1.3 Notwithstanding anything to the contrary in the Loan Agreement, all Obligations under the Loan Agreement, as hereby amended, shall become immediately due and payable in full upon the earlier to occur of (i) the consummation of the DPAC Transaction or (ii) the acquisition by Borrower of the DPAC Technology in fee simple. By way of clarification, the acceleration provided for in the preceding sentence shall not be triggered by Borrower simply becoming a licensee directly or indirectly under the License Agreement.

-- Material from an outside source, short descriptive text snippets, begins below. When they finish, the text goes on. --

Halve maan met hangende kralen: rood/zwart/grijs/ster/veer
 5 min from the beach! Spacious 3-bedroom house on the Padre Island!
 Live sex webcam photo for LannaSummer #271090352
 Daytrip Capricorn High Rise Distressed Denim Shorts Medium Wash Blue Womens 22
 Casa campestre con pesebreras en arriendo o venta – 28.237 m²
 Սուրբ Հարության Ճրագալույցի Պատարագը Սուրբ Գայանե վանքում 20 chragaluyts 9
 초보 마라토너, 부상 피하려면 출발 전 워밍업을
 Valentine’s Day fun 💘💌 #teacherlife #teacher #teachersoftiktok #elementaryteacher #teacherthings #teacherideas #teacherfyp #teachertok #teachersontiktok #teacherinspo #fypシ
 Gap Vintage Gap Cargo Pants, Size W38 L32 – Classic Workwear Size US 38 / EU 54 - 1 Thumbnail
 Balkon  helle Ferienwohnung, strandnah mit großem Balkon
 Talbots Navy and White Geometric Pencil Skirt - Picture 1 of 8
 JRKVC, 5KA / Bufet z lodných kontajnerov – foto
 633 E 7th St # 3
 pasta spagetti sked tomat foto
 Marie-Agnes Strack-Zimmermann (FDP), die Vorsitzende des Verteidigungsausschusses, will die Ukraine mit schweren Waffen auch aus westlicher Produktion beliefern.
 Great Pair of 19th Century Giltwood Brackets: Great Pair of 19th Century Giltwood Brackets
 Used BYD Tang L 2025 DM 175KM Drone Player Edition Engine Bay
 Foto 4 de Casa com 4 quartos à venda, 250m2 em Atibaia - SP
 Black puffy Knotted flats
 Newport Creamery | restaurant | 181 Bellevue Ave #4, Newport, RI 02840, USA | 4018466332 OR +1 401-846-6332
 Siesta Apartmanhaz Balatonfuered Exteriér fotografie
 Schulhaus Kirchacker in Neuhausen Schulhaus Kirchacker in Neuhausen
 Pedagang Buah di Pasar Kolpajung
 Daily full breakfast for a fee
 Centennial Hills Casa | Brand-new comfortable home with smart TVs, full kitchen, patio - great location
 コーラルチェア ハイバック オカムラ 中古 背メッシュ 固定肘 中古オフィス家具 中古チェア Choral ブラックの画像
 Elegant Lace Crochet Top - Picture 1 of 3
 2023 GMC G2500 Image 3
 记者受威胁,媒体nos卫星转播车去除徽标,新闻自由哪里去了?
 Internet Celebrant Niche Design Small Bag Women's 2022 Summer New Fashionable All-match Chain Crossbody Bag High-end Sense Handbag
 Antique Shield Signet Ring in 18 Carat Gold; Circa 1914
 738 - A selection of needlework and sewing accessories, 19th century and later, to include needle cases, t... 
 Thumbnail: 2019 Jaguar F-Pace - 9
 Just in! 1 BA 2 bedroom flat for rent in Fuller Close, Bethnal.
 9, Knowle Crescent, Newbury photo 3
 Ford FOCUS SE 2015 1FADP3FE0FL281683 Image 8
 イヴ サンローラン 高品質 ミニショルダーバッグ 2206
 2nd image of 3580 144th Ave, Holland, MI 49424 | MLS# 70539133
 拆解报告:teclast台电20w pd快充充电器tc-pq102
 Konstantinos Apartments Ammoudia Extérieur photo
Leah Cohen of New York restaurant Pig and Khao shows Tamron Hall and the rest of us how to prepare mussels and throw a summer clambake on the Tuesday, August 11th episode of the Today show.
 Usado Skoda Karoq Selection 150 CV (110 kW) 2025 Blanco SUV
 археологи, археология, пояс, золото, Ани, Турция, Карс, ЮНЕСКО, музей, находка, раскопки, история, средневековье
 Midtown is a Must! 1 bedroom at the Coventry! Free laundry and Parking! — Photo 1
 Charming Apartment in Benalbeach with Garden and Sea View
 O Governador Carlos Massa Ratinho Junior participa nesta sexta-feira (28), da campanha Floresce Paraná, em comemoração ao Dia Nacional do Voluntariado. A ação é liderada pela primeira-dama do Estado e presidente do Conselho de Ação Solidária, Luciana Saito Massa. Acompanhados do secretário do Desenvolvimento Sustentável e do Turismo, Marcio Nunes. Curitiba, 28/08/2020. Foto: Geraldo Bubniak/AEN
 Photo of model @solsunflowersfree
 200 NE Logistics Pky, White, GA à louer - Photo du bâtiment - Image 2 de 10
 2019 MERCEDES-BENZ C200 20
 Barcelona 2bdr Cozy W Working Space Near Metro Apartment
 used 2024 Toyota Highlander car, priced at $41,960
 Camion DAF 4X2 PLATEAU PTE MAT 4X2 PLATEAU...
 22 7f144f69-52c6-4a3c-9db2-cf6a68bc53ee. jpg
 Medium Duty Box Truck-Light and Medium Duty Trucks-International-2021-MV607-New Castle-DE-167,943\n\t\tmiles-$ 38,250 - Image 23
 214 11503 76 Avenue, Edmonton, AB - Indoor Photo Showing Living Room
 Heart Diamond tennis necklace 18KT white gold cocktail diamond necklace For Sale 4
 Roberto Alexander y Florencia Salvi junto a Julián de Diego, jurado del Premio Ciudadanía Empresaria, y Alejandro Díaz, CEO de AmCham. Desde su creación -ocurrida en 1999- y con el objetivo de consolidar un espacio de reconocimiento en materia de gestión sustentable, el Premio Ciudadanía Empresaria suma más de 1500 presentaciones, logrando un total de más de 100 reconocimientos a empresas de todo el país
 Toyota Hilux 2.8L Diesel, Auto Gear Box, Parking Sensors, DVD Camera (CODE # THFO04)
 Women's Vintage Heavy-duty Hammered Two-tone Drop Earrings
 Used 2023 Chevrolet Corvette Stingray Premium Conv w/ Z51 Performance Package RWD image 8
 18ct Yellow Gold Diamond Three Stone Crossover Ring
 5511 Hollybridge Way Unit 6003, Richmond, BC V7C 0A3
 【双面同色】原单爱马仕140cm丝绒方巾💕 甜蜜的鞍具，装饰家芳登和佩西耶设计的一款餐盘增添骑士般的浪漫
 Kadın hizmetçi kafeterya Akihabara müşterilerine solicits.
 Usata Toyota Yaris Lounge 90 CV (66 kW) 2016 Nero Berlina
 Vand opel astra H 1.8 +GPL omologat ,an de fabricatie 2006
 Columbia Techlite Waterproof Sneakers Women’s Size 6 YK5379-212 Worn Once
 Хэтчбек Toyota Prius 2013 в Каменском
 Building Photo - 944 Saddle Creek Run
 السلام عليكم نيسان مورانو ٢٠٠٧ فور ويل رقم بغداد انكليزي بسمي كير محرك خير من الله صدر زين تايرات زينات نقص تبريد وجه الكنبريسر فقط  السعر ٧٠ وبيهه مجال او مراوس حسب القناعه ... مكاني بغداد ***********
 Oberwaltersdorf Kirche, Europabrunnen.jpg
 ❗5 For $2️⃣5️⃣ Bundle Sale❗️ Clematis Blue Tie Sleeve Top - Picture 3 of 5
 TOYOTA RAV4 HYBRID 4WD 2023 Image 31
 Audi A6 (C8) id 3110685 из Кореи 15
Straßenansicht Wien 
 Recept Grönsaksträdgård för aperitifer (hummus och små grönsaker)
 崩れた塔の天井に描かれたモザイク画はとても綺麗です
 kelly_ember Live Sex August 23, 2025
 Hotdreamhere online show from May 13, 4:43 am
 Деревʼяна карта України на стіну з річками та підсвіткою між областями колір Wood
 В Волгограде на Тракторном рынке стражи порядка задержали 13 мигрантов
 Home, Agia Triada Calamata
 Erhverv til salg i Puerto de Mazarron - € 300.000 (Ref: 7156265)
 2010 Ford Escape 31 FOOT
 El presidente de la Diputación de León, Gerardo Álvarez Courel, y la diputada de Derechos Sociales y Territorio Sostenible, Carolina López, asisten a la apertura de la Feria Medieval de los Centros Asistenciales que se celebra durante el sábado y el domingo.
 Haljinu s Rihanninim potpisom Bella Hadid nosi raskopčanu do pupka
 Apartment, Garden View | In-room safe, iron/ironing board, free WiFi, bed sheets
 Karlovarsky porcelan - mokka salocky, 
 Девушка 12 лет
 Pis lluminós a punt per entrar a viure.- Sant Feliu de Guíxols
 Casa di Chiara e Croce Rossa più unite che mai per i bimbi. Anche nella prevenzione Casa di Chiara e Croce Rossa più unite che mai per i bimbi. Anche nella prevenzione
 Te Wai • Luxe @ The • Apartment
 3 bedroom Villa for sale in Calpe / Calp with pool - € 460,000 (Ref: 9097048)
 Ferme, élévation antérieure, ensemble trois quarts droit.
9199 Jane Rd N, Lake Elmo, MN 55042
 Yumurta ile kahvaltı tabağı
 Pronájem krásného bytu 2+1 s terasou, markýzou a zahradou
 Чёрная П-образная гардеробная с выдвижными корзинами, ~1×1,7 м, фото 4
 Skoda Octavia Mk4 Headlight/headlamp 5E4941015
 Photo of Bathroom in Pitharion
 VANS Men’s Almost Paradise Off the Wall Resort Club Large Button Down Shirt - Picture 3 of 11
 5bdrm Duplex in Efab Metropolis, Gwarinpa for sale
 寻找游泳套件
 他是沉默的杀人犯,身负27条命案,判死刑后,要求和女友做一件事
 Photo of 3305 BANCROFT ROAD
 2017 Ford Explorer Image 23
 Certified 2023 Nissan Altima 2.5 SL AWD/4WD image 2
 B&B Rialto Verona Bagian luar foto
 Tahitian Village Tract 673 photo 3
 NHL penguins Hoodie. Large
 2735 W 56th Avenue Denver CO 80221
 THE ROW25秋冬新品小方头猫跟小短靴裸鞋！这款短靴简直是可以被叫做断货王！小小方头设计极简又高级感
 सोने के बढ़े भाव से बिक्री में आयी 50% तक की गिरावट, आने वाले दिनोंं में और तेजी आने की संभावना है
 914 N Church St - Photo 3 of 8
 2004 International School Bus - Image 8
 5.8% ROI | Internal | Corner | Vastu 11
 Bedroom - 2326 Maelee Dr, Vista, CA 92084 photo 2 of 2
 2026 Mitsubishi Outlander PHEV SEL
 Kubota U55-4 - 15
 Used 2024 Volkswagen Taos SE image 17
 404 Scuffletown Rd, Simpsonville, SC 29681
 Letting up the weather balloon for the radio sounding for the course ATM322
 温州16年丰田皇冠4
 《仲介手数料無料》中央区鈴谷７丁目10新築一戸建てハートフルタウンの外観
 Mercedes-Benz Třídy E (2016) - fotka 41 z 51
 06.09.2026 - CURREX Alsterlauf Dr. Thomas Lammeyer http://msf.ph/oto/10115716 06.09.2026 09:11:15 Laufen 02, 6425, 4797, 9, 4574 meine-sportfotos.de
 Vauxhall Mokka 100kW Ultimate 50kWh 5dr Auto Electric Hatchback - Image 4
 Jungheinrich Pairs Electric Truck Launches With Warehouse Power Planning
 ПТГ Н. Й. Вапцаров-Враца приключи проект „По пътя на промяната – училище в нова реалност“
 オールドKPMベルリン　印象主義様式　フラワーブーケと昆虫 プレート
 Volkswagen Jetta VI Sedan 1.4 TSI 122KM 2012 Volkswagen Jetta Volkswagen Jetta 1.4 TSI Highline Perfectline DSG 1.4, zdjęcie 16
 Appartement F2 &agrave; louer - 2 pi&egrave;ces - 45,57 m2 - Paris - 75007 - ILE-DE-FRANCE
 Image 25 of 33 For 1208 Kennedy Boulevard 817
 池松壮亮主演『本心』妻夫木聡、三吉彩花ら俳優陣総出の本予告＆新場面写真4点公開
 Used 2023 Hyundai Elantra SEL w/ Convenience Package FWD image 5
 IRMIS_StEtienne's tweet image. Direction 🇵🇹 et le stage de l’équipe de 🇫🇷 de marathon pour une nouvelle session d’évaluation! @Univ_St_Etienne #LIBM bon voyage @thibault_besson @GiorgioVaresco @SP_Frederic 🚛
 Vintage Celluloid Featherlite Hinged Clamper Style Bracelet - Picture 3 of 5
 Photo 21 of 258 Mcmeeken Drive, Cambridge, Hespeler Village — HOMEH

1.4 The Amendment Fee shall be paid in cash or via wire transfer of immediately available funds to an account designated by Lender.

 

2. Extension of Lender’s Put Right.

The definition of Put Exercise Date contained in Section 1 of the Warrant Agreement is amended and restated in its entirety to read as follows:

“ ‘Put Exercise Date’ shall mean the earlier to occur of (a) the first Principal Payment Date, as defined in that certain Subordinated Loan and Security Agreement as of July 28, 2000, by and between the Company and The HillStreet Fund, L.P., as amended, or (b) the consummation of any Capital Transaction.”

 

3. State of Ohio Loan.

3.1 The Lender agrees to enter into an Intercreditor Agreement, substantially in the form attached hereto as Exhibit A (the “Intercreditor Agreement”), for the purpose of subordinating the priority of the any lien under this Agreement so that any lien arising from indebtedness owed by the Borrower to the State of Ohio pursuant to that certain Loan Agreement by and between the Borrower and the Director of Development of the State of Ohio, dated as of January 27, 2006 will be pari passu with any lien arising under this Loan. The Intercreditor Agreement will not affect the subordination of Lender’s indebtedness to the indebtedness owed by the Borrower to National City Bank.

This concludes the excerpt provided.